As someone who written a lot of crawling infrastructure and managed large scale crawling operations, respectful crawling is important.
That being said it always seems like google has had a massively unfair advantage for crawling not only with budget but with brandname, and perceived value. It sometimes felt hard to reach out to websites and ask them to allow our crawlers, and grey tactics were often used. And I'm always for a more open internet.
I think regular releases of content in a compressed format would go a long way, but there would always be a race for having the freshest content. What might be better is offering the content in machine format, XML or JSON or even SOAP. Which is usually better for what the sites crawling want to achieve, cheaper for you to serve, and cheaper and less resource intensive compared to crawling. (Have them "cache" locally by enforcing rate limiting and signup)

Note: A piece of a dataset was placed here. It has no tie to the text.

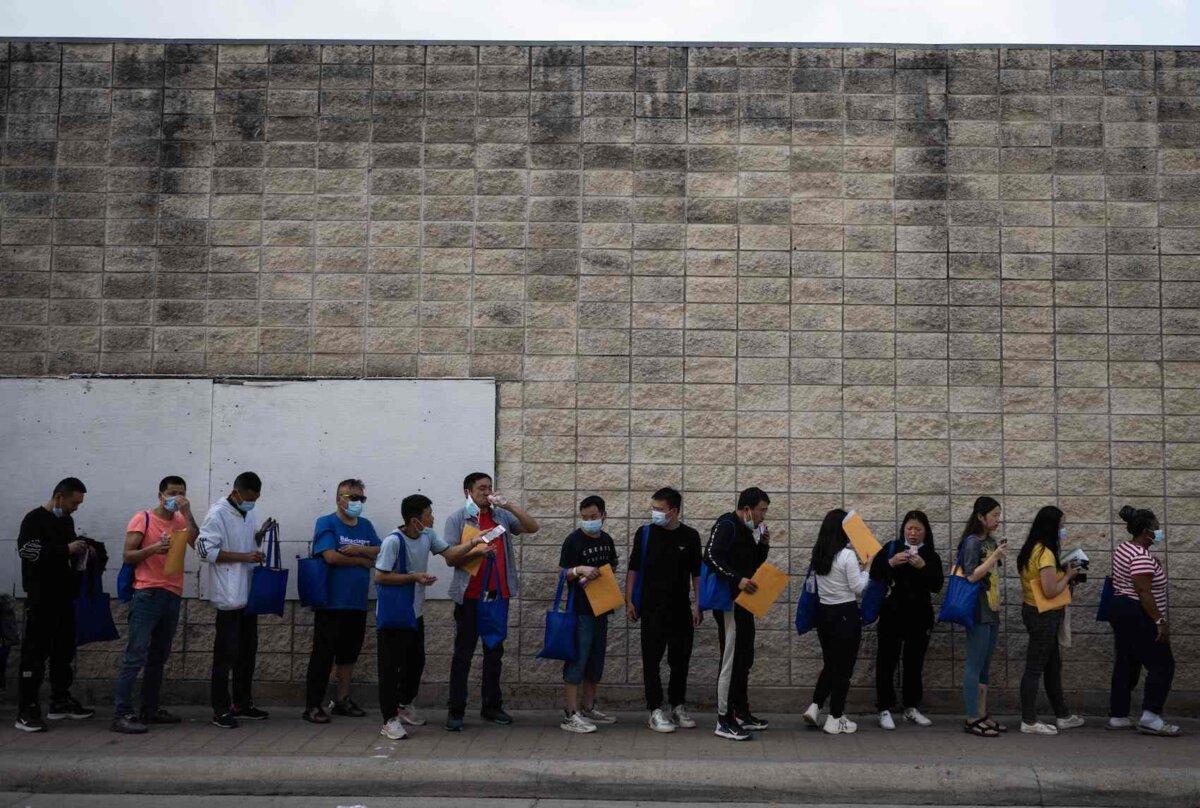 Illegal immigrants line up outside a processing center in Brownsville, Texas on May 11, 2023. (Andrew Caballero-Reynolds/AFP via Getty Images)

1. I intentionally made sure my crawler was slow (I prefer batch processing workflows in general, and this also has the effect of not needing a machine gun crawler rate)
2. For data updates, I made sure to first do a HEAD request and only access the page if it has actually been changed. This is good for me (lower cost), the site owner, and the internet as a whole (minimizes redundant data transfer volume)
Regarding individual site policies, I feel there’s often a “tragedy of the commons” dilemma for any market segment subject to aggregator dominance:
- individual sites often aggressively hide things like pricing information and explicitly disallow crawlers from accessing them
- humans end up having to access them: this results in a given site either not being included at all, or accessed once but never reaccessed, causing aggregator data to go stale
- aggregators often outrank individual sites due to better SEO and likely human preference of aggregators, because it saves them research time
- this results in the original site being put at a competitive disadvantage in SEO, since the their product ends up not being listed, or listed with outdated/incorrect information
- that sequence of events leads to negative business outcomes, especially for smaller businesses who often already have a higher chance of failure
Therefore, I believe it’s important to have some sort of standard policy that is implemented and enforced at various levels: CDNs, ISPs, etc.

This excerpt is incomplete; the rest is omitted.